Today I will list five eternal songs focused on the theme of love and I will debunk another belief: not every Italian love song is about passionate, romantic and mushy stuff. There are so many aspects of love worthy to be shared in a song!
5. QUESTO PICCOLO GRANDE AMORE by Claudio Baglioni (1972)
Baglioni is probably the most melodic songwriter of the bunch that I’m presenting today and even if he doesn’t belong to the group of the Genoese chansonniers, he was surely influenced by them as he learned playing guitar on their songs.
Questo Piccolo Grande Amore was crowned as the best selling single of the Italian discography and it’s about a young love and the marvel and trepidation a youngster feels when he discover such a new and exciting sentiment.
That thin t-shirt / so tight-fitting I could / figure out everything / and that innocent appearance / I never confessed / I was crazy for…
Piccolo Grande Amore [Spotify link]
4. LA COSTRUZIONE DI UN AMORE by Ivano Fossati (1978)
La Costruzione di un Amore had a peculiar story, since its popularity grew over time, almost like its lyrics suggest: love is something that takes time and work and that makes you sweat. It’s hard work and sometimes the price you have to pay is higher than the immediate outcome, but if you keep working on it, love can transcend and reach incredible heights.
The song was written by Ivano Fossati, an author belonging to the “second wave” of the Genoese songwriters and it was first sung by her then fiancé Mia Martini, one of the best singer this country ever had.
Live by Mia Martini
Version by Ivano Fossati [Spotify link]
3. AVRAI by Claudio Baglioni (1982)
Here we are back with Claudio Baglioni. He wrote this song in 1982 when his son was born and he dedicated it to him. Avrai, literally “you will have”, is a recurring word in the lyrics that allows the author to list to his son all the things that he will have and experience in life.

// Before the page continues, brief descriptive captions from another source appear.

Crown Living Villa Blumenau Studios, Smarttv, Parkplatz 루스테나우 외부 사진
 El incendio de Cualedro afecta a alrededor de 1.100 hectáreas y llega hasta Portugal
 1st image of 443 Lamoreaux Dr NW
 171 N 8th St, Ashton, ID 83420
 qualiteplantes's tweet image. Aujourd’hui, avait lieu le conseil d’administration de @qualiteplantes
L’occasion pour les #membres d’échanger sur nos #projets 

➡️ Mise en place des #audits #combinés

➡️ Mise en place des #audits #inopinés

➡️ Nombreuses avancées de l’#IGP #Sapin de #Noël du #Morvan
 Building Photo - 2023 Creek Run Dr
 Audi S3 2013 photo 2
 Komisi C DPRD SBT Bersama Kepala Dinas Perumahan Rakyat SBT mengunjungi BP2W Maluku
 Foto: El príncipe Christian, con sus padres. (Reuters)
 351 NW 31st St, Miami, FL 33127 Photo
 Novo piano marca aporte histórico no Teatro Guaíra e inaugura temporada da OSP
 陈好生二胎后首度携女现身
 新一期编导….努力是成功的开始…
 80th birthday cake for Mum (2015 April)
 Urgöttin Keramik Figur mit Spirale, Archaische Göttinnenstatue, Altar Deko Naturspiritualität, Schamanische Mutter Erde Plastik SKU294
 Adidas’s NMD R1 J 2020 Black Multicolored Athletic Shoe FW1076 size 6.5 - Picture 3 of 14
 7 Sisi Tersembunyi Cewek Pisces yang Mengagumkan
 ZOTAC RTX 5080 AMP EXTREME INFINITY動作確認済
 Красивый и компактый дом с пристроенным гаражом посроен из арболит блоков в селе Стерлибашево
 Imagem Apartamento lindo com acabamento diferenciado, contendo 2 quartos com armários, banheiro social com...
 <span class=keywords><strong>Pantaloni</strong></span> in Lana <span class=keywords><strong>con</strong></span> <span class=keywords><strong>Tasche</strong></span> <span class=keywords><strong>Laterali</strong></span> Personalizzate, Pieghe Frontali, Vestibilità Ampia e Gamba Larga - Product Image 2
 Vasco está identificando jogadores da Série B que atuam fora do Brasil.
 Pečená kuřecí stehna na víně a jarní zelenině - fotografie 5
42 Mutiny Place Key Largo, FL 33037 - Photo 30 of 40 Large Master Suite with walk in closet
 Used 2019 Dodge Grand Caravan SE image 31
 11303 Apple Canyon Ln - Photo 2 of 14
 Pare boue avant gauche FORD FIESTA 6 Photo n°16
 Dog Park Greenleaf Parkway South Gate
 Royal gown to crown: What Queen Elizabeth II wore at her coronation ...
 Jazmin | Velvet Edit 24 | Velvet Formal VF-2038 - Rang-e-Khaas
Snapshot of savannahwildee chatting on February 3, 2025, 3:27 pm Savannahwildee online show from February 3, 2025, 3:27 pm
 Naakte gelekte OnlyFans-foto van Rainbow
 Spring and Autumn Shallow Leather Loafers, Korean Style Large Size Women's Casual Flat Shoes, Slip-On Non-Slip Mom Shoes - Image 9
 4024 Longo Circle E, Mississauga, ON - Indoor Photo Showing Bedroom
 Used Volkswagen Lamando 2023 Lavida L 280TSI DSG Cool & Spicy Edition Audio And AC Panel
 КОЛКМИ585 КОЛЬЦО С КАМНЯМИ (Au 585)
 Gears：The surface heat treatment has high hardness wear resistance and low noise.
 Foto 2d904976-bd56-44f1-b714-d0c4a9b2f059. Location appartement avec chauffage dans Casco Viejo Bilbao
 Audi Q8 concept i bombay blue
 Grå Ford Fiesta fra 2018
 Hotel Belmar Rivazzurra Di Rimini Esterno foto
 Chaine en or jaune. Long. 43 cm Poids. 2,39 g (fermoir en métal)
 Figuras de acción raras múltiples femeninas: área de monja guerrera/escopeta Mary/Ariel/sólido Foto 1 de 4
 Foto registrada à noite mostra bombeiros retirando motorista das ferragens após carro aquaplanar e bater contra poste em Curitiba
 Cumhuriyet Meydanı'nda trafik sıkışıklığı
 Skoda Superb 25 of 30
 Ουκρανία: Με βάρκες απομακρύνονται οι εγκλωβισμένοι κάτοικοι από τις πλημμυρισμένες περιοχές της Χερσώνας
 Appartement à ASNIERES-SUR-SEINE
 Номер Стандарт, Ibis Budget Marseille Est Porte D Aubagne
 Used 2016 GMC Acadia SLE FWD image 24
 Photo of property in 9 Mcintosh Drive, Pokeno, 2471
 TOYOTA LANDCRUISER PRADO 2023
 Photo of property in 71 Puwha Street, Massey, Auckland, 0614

You will have a seat where to rest / and empty hours like chocolate eggs / and a friend who will disappoint, betray and deceive you / You will have / the time to go far / you will have my own sad hope / and you’ll feel like you have never loved enough.
This song opens a window on the role of the father and educator and it’s surely a great declaration of love to dedicate to one’s offspring.
Avrai [Spotify link]
2. IL CIELO IN UNA STANZA by Gino Paoli (1960)
Leave to Gino Paoli, one of the main exponents of the former Genoese school, the job of describing sexual love in such a refined and delicate way.
As Gino said, one will never be able to find the right words to describe the climax in a effective way, so the trick consists in illustrating what happens around the couple, in the room, during said moment.
This amazing song was even translated in several languages.
Il Cielo in una Stanza [Spotify link]
Il Cielo in una Stanza [Youtube]
1. LA CURA by Franco Battiato (1996)
I think many Italians will agree with me when I say this is THE love song.
Many interpreted it as a declaration made by a lover to another, some stated that the intention of Battiato, the author, was to encourage people to love themselves, some others thought it is a declaration of love the “soul” makes to the “body”. Truth is that, as all the songs, it was born from the pen of the author and then it went its own way as listeners gave their own interpretation.
As a general rule I would say that it’s a song about “universal love” and that explains how love is our only cure.